My Lords, I believe I have a right of reply. Dealing first with the remarks made by the noble Marquess regarding my accusation that the Government at the early stages of the war had been neglectful in not securing that supplies of wheat were brought into this country, I would say that surely there was more shipping available in the first eighteen months of the war than was the case later, and I cannot understand why it was not more possible to bring wheat into this country at that period in large quantities and store it here than it is to do so to-day. I cannot admit the strength of the argument of the noble Marquess; nor do I consider that what he said is any justification for the lack of foresight on the part of the Government in the early stages of the war.
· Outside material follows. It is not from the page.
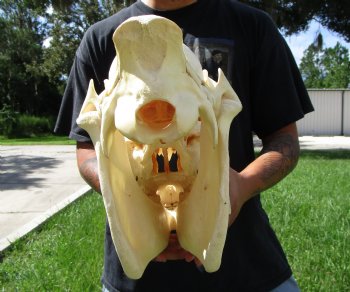 20 inches long Real Burchelli Zebra Skull for Sale - Buy this one for $124.99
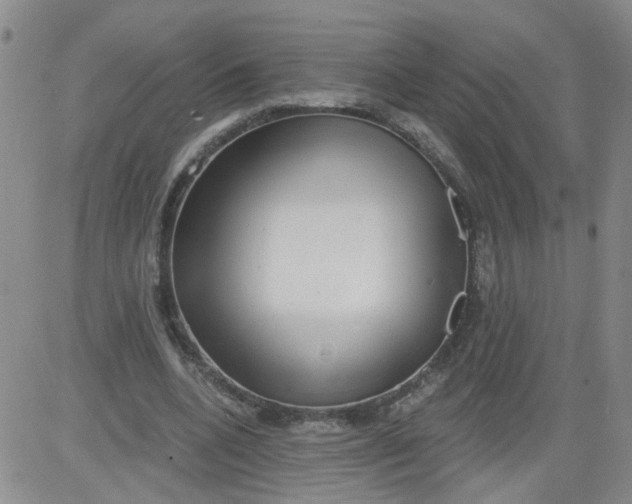 X0000084040536200703022151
In respect of the introduction of a system of compulsory rationing, the noble Marquess stated that the Government were reluctant to resort to it, not only owing to the effect that it might have on the temper of the people, but also because of the great question of personnel involved. I understand that the necessity of compulsory rationing entered into the scheme of Lord Devonport, and that it would really have been carried out then by the local authorities. The noble Lord did not answer my question whether, when Lord Devonport, on April 28 this year, stated that the scheme for compulsory rationing was ready and that it was going to be promulgated, it really ever was issued to the local authorities?

LORD RHONDDA

No.

LORD LAMINGTON

That answers my question. I will ask in that case whether the present Ministry of Food have their scheme ready, and whether it is the same or practically the same as that of Lord Devonport; also, whether Parliament will have an opportunity of expressing an opinion upon the scheme before it is promulgated and enforced. I think it is highly desirable that such a complicated system, which possibly may be rather oppressive and interfere with the habits of the people, should come before Parliament so that an opinion may be expressed upon it before it is carried out. I am obliged to the noble Lord the Food Controller for the ample reply that he gave to my Question.

LORD RHONDDA

My Lords, I feel that I should be lacking in courtesy if I did not make a brief reply to the questions and suggestions which have been raised by noble Lords. In regard to the question as to whether the compulsory scheme of rationing was promulgated by my predecessor to local authorities, I think he announced on April 28 that he was considering a plan, but it was never promulgated or put into operation in any form. I have a scheme, but I am not prepared at this stage to give it any degree of publicity. The suggestion that your Lordships should have an opportunity of considering it before it is put into force is one that I will carefully consider.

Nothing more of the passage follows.